Input data below:

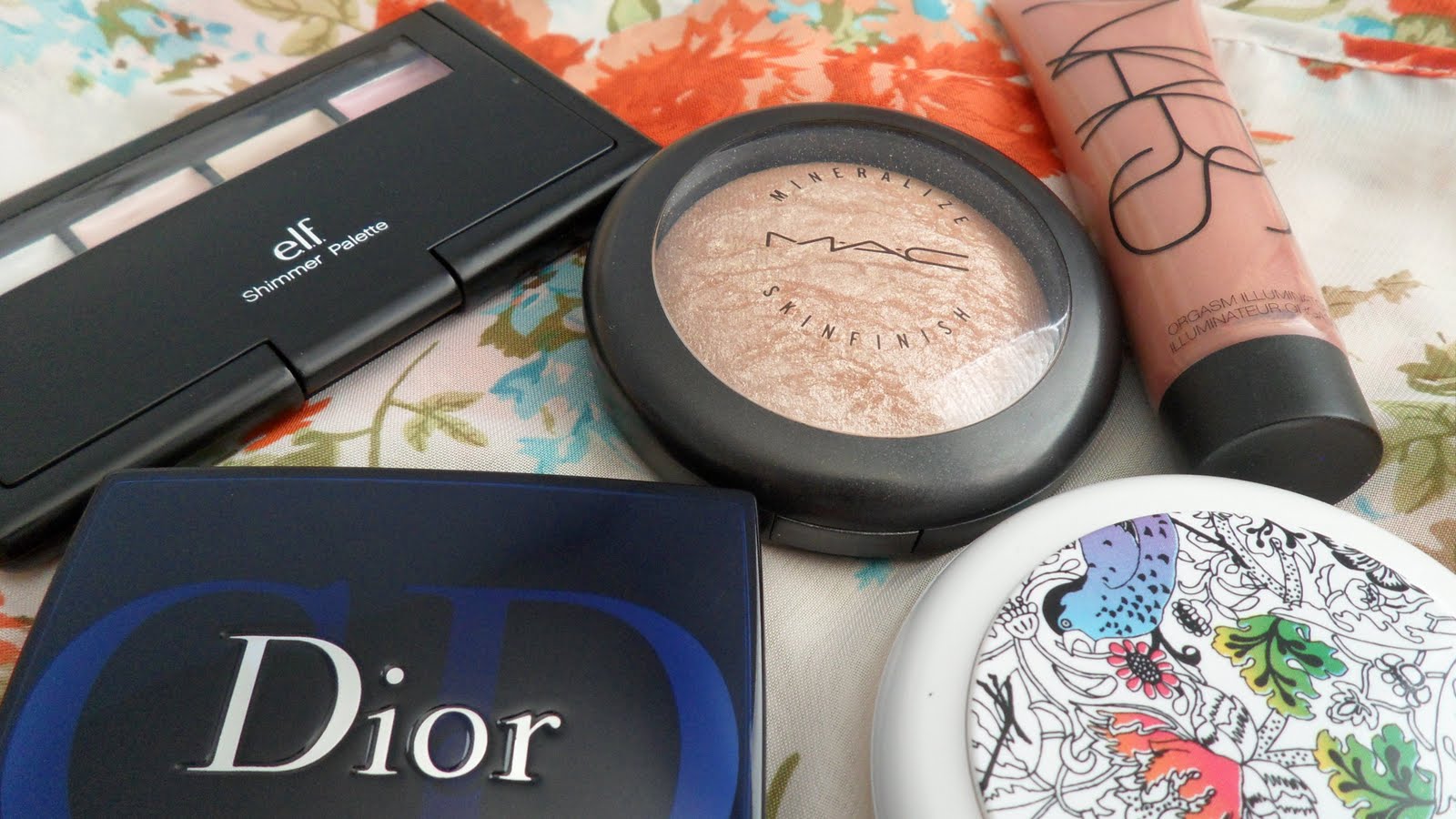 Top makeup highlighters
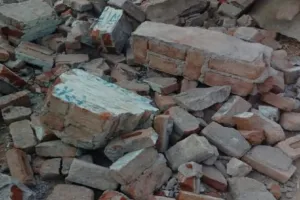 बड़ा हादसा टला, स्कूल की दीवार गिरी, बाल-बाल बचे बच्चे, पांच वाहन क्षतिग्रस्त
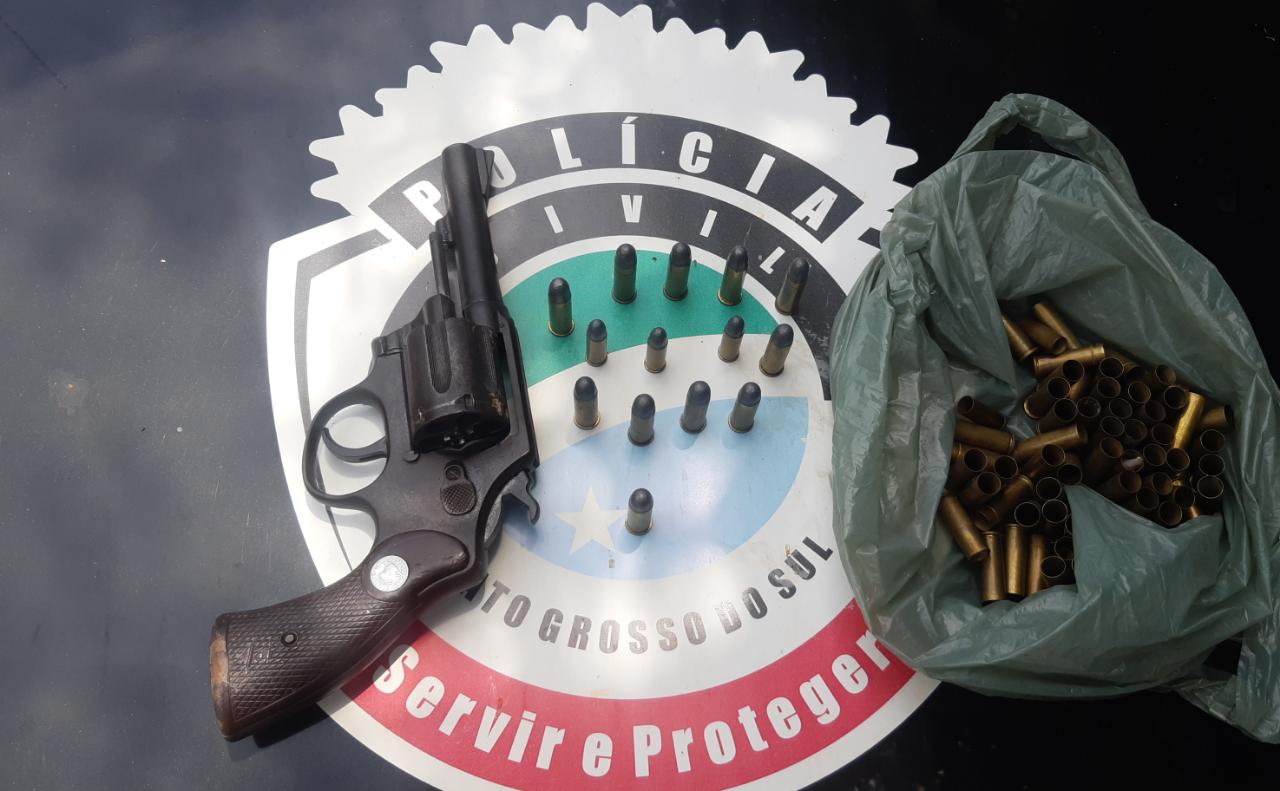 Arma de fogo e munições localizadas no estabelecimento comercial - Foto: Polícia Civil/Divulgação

End of Input data.

*Your goal*. Reproduce exactly, and only, the lines from the one with "बड़ा हादसा टला, स्कूल" to the final line of the listing above; the pictures are to be left out.

*Task output*.
 बड़ा हादसा टला, स्कूल की दीवार गिरी, बाल-बाल बचे बच्चे, पांच वाहन क्षतिग्रस्त
 Arma de fogo e munições localizadas no estabelecimento comercial - Foto: Polícia Civil/Divulgação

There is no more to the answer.